Today I got started on one of the more fun things in software development - removal of old code.  Not a refactoring of functionality, but outright removal.  It's been a while since I had the chance to do this.

It's cool, getting to excise code and make the codebase smaller and more efficient.  The feature unfortunately was not wrapped in a simple method or methods, but the functions and data are all well-named, so it's a simple search and destroy replace.

But I was musing that this was something that gets ignored by many shops - getting rid of old features that are unused.  Old hardware, obsoleted features, invalidated combinations, all of these lurk in many (most?) applications, waiting to spring on the unwary.  But I rarely see mention of this pruning in the literature - refactoring gets mentioned as a response to changing requirements, but the requirements-gathering always gets described from the viewpoint of a new project, not a mature product.

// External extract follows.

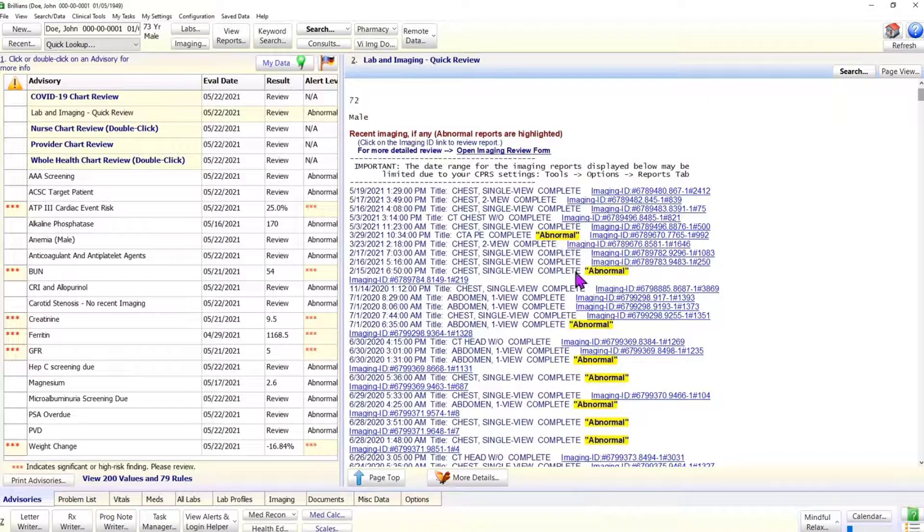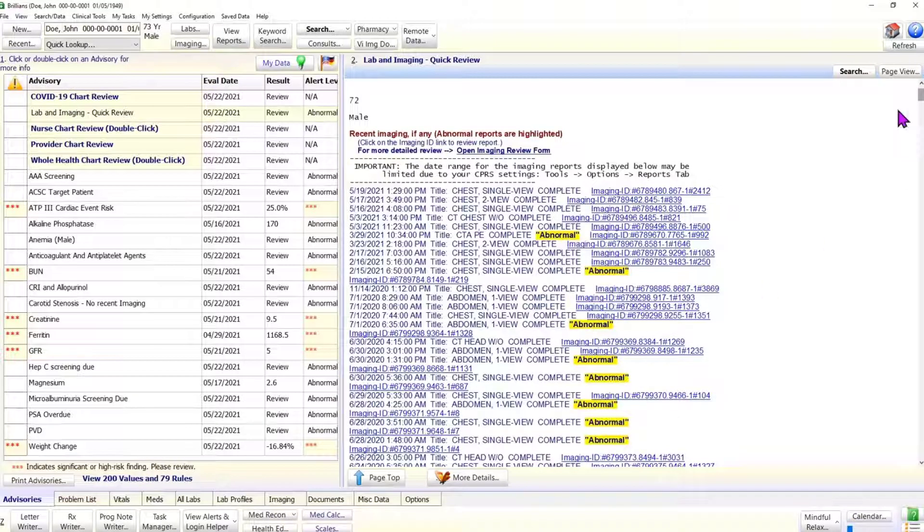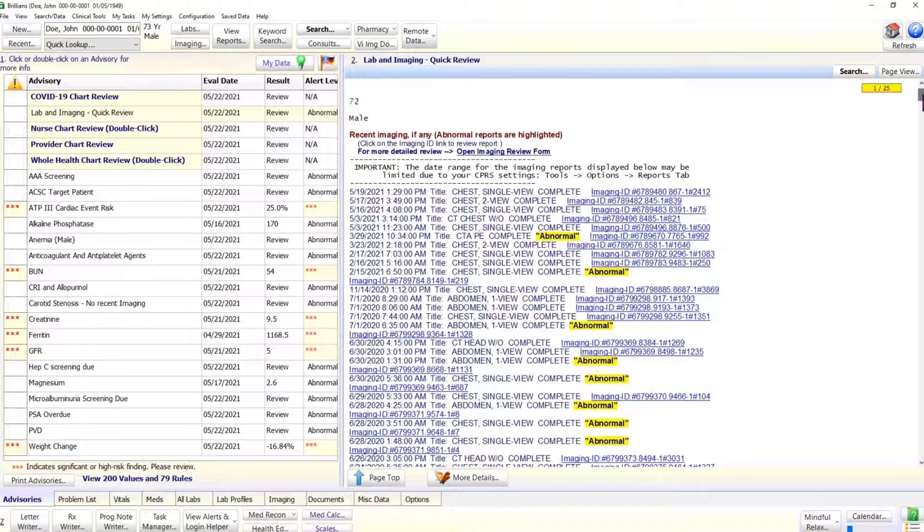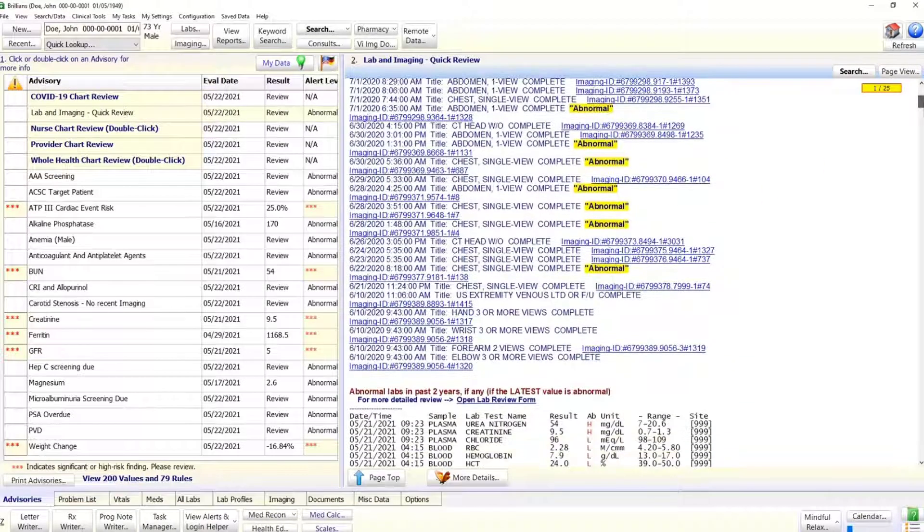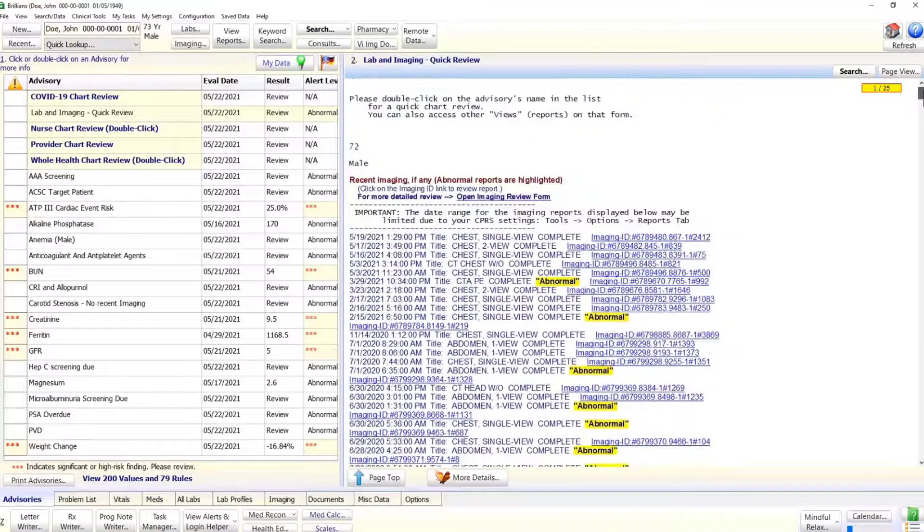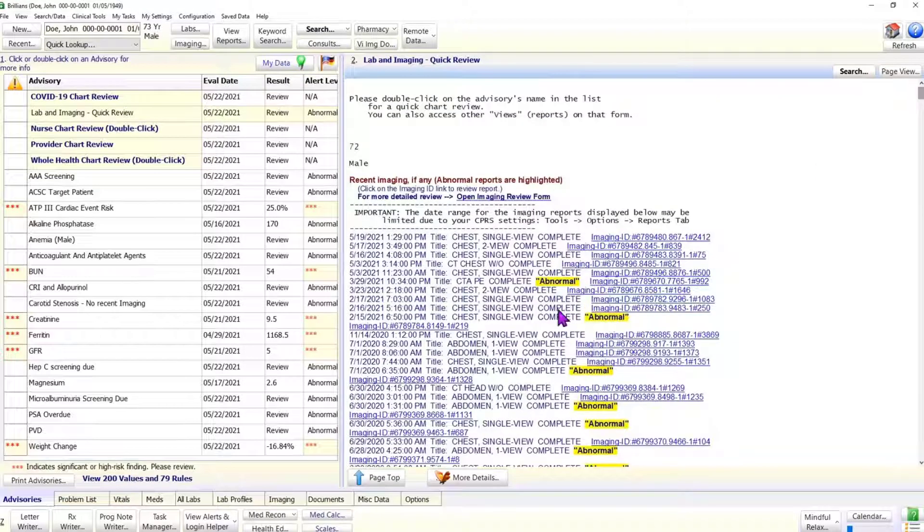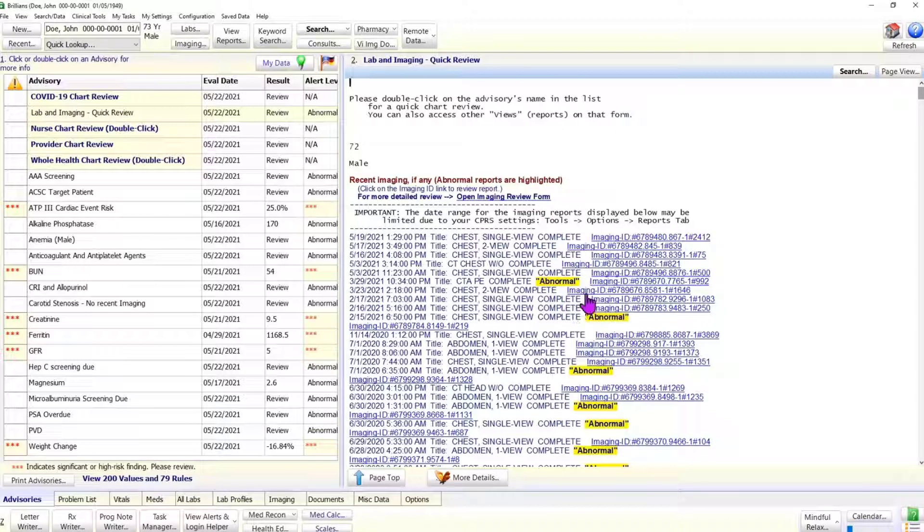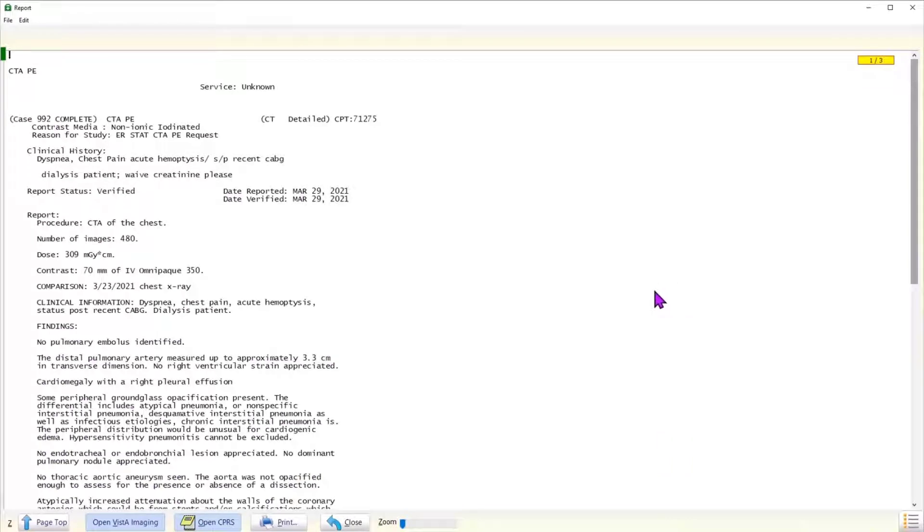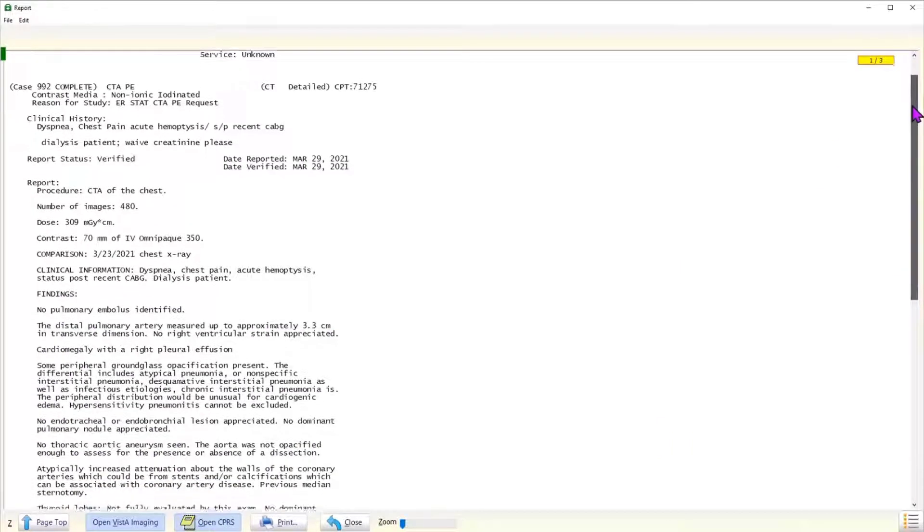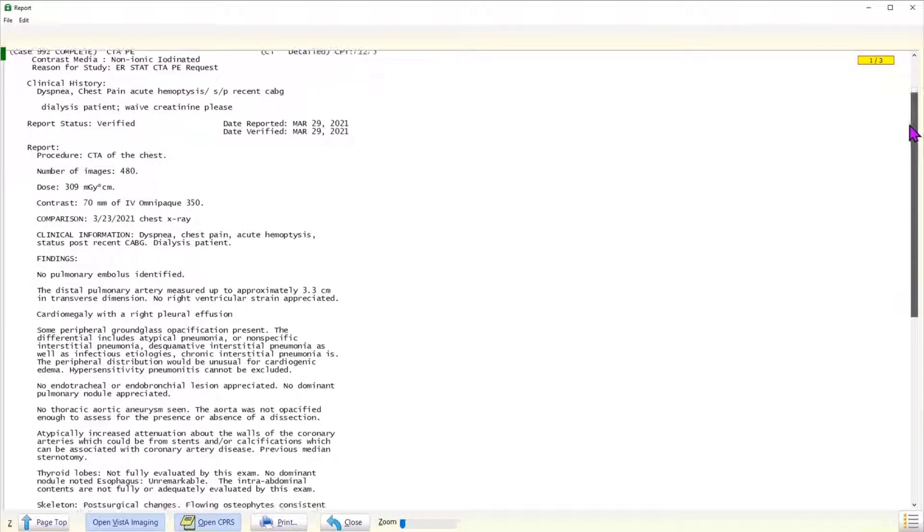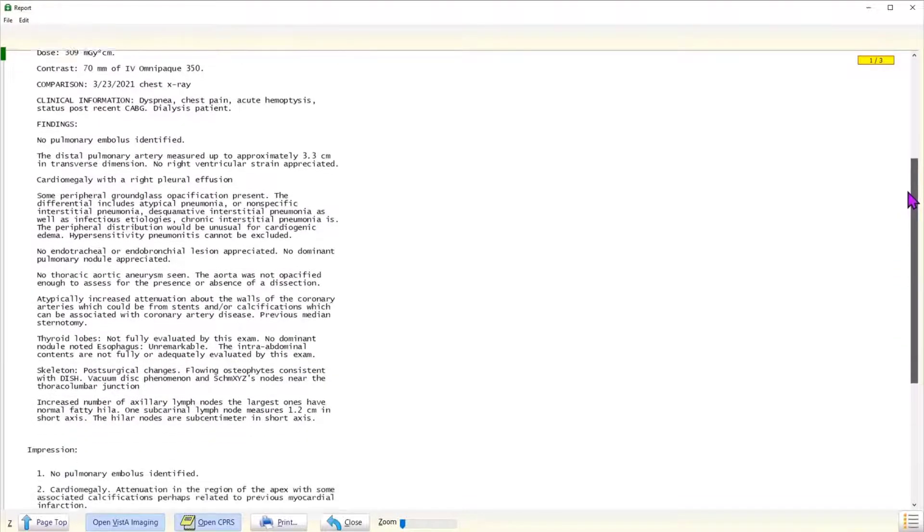We can scroll down and see how many abnormal reports are there. This visual flag greatly reduced the risk of missing an abnormal report. To review the desired report, click on the imaging ID link next to the report's title. The selected report is displayed in a separate window. Please review the report, then close down this window to return to the advisories page.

One of the hard parts is that it's often impossible to determine which features are no  longer valid, because the reasons for them in the first place are lost in the mists of time (or Bob, the original architect, retired 2 years ago, and is sipping Corona on the beach at Cozumel).  So I was thinking that it would be a cool feature of an advanced source code management system to tag a set of changes with an expiration/re-examination date, so that the developers would be reminded of the need to do this, and contain the explanation of the feature so that this later validity could be checked.